Wind energy causes less destruction on the environment in comparison to fossil fuel, but windmills in Karnataka have been placed in forest areas at the cost of animals and birds.
The Salim Ali Centre for Ornithology and Natural History (SACON) has conducted a study, which has found that the noise and vibrations from the blades of the turbine, apart from the direct impact, were driving animals away, leading to man-animal conflicts. The study was conducted due to the increasing number of windmills in forest areas whose influence has not been researched or included in a policy.
According to the Ministry of Environment and Forests (MoEF) data, Karnataka’s investment in wind energy has seen 37.8 sq.km of land in the forest being used to build windmills. The numbers are ever increasing, with policy leaning towards “green energy”.
A team of 11 researchers led by H N Kumara from SACON spent over a year monitoring windmills in Chitradurga and Gadag, both being under forest cover.
They studied the collisions between the animals and the turbine and recorded that between 35 to 40 per cent of the bird diversity resides in these areas.
“There is a clear displacement of birds. We estimate that there are 50 per cent lesser birds in areas with windmills compared to control sites nearby that were undisturbed,” says Dr Kumara.
The observations made by the team have been studied by the Forest Department, which has been documenting man-animal conflicts over the past 15 years.
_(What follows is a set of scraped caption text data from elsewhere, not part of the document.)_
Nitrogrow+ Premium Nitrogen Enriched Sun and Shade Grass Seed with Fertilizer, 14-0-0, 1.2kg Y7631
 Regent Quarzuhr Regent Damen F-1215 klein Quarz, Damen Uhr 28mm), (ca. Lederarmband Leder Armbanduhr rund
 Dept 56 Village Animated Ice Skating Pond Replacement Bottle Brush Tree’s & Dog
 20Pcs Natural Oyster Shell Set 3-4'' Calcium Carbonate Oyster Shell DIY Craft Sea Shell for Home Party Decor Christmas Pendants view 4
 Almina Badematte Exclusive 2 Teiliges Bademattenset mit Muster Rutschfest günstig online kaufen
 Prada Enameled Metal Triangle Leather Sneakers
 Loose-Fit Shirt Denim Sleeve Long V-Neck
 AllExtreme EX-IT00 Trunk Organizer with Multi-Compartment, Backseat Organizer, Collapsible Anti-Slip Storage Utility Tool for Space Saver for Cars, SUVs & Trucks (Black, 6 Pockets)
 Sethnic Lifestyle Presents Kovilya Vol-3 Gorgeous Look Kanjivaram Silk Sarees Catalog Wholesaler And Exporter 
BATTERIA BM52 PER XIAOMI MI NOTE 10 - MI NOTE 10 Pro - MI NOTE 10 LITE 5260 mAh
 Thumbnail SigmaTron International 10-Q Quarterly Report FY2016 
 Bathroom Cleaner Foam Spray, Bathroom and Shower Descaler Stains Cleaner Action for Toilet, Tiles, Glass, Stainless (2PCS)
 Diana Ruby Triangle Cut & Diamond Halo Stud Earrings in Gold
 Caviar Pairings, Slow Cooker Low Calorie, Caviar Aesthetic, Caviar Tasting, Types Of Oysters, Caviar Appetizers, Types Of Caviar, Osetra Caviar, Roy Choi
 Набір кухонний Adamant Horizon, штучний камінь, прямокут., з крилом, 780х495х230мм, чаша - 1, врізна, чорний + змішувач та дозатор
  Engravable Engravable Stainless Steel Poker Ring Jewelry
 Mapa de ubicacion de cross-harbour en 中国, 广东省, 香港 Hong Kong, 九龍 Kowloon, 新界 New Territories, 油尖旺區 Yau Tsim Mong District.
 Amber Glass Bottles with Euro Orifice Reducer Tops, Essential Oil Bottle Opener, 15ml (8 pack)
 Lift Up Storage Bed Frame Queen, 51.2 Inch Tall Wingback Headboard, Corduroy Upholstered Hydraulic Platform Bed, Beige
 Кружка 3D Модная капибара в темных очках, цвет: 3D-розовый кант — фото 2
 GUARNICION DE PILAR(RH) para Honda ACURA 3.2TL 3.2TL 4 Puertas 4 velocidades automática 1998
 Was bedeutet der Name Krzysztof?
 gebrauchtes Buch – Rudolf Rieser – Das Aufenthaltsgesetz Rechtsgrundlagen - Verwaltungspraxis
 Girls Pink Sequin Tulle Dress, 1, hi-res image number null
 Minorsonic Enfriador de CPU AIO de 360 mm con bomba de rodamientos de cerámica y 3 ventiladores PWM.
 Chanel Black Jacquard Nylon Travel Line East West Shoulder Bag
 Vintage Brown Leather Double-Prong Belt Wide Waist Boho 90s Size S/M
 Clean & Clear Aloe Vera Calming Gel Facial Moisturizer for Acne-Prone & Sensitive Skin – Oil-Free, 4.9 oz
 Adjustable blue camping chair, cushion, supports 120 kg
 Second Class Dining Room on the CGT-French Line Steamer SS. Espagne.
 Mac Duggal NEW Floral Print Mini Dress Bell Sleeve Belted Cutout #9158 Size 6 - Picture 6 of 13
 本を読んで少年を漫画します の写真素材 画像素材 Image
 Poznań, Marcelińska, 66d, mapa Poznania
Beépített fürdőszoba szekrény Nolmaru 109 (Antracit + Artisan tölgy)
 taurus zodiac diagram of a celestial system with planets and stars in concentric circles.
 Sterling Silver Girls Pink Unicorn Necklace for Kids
The final report is expected to be submitted by the end of the month, with the department sending clarifications and comments.
“We have asked for certain refinements, and we will look seriously at the impact of windmills on birds and mammals. Based on this, we will draw up guidelines for setting up windmills to mitigate these effects,” said C Jayaram, Principal Chief Conservator of Forests (Wildlife), reported The Hindu.